(DATASET CONTENT)
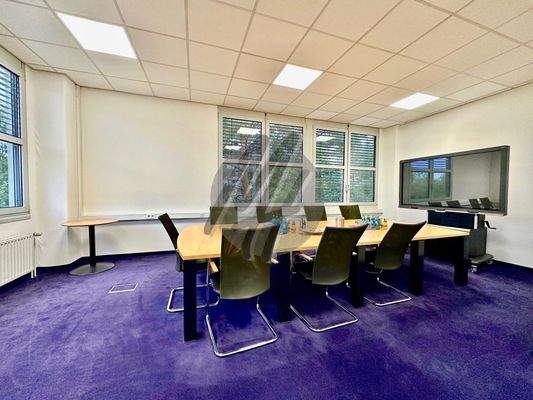 INFOS UNTER: 06171-586000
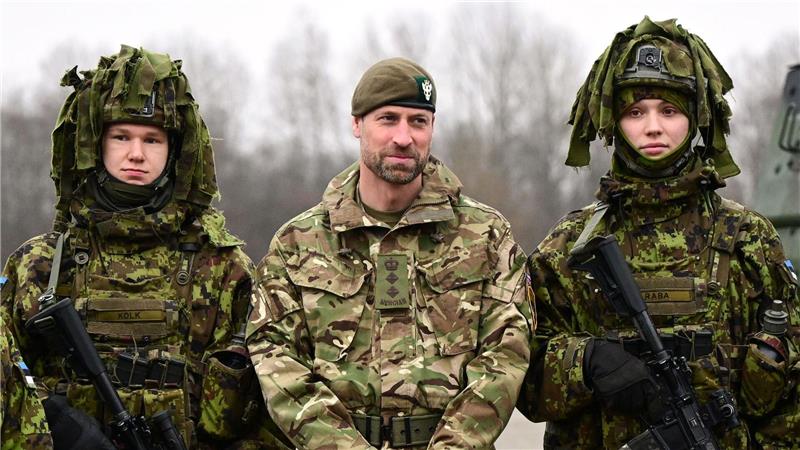 Prinzessinnen im Tarnanzug: Die jungen Royals und die Armee Prinz William war Regimentsoffizier in der Armee und absolvierte auch Stationen bei der Royal Air Force und Royal Navy. (Archivbild)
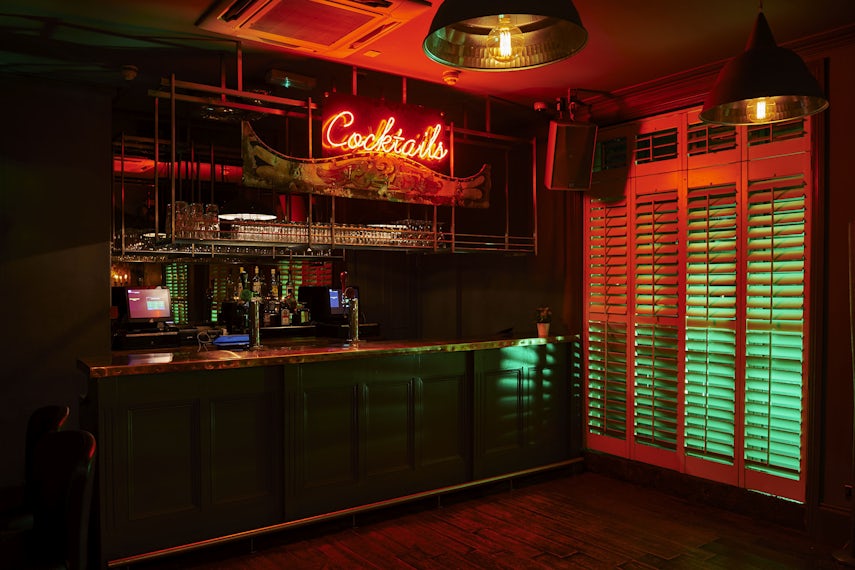 The Bar 0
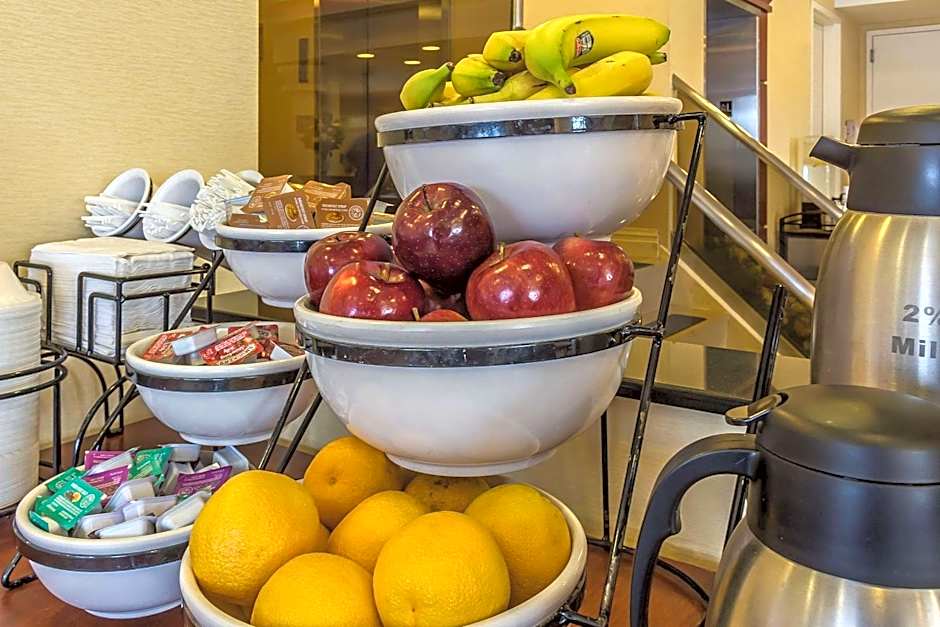 Comfort Inn & Suites LaGuardia Airport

(PROBLEM TO WORK ON) Make an exact copy of all the material, but keep the pictures out of it.

(SOLVED PROBLEM)
 INFOS UNTER: 06171-586000
 Prinzessinnen im Tarnanzug: Die jungen Royals und die Armee Prinz William war Regimentsoffizier in der Armee und absolvierte auch Stationen bei der Royal Air Force und Royal Navy. (Archivbild)
 The Bar 0
 Comfort Inn & Suites LaGuardia Airport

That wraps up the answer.